7) Can you use options in Foundation SAS to restrict access to SAS files based on user identity?

Ans : NO – You must use host or network utilities to restrict access to SAS files based on user identity.

8) What are the strategies you can use to restrict access to SAS files in Foundation SAS?

Ans : You can restrict access to SAS files in Foundation SAS by using one or both of these strategies:

·         Use SAS options to assign passwords to SAS files

·         Use host or network security to restrict access to files and directories only to authorized users

9) True or false: You can use encryption to restrict access to your data to authorized persons.

Ans : False. Encryption does not prevent access to data, but makes it unreadable if it is accessed.

10) What are the limitations of using SAS passwords?

Ans :

·         SAS passwords can be used to protect SAS data sets and some other types of SAS files. However, they cannot be used to protect SAS source code (including macros) in text files.

·         Even if you have no need to protect SAS programs themselves, SAS source code files may contain passwords for SAS data sets and connection information for external databases.

11) What can you do to protect SAS source code?

Ans : To protect SAS source code, you can do one or more of the following:

·         Use host security to restrict access to source code

·         Compile DATA steps in your source programs and assign SAS passwords to the compiled DATA steps

·         Store SAS code in compiled macros and encrypt the macros

Using host security is the best approach, as there are still potential limitations associated with the other two methods.

12) What are the approaches you can use to restrict access to SAS data and files?

Ans : There are two general approaches you can use to restrict Access to SAS data and files:

·         Assigning passwords to individual files, using SAS options

·         Controlling access based on the identity of the user

(Also known as authorization and authentication)I presume that you know what the difference between authorization and authentication.

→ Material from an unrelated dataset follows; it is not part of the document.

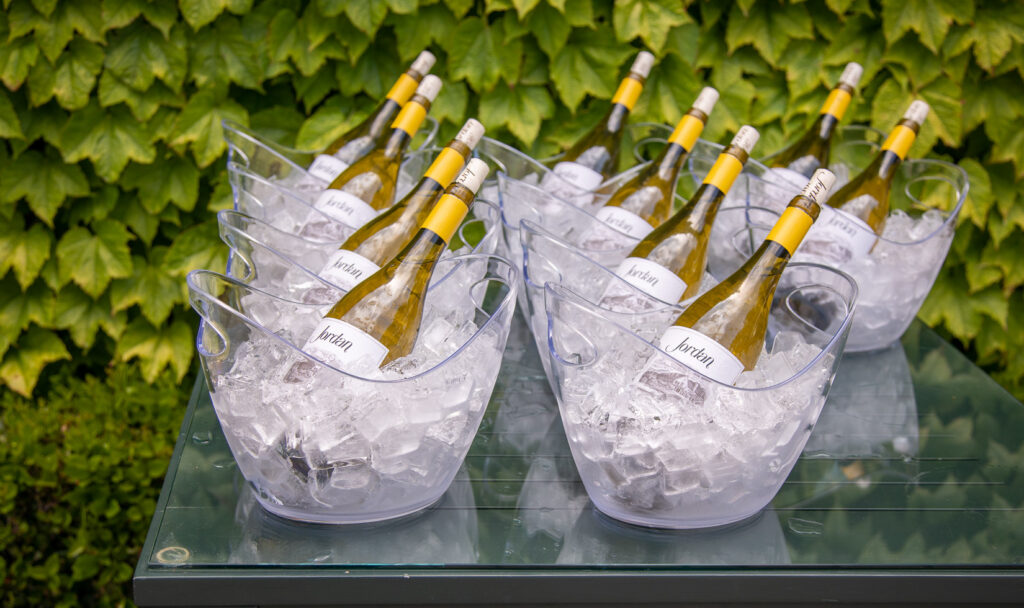 Ten bottles of Jordan Chardonnay in individual ice buckets on outdoor table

13) True or false: You must also assign a password to a data set when you encrypt it.

Ans : True

14) What are the type of SAS files that can be protected with passwords?

Ans : SAS files that can be protected with passwords include:

·         SAS data sets

·         DATA step and SQL views

·         SAS/ACCESS descriptors

·         Stored compiled DATA step programs

15) Explain the difference between restricting access to data and encryption.

Ans : SAS passwords restrict access to SAS data files within SAS, but SAS passwords cannot prevent SAS data files from being viewed at the operating environment system level or from being read by an external program. Encryption provides security for your SAS data outside of SAS by storing the SAS data in encrypted form on disk. The data is decrypted as it is read from the disk.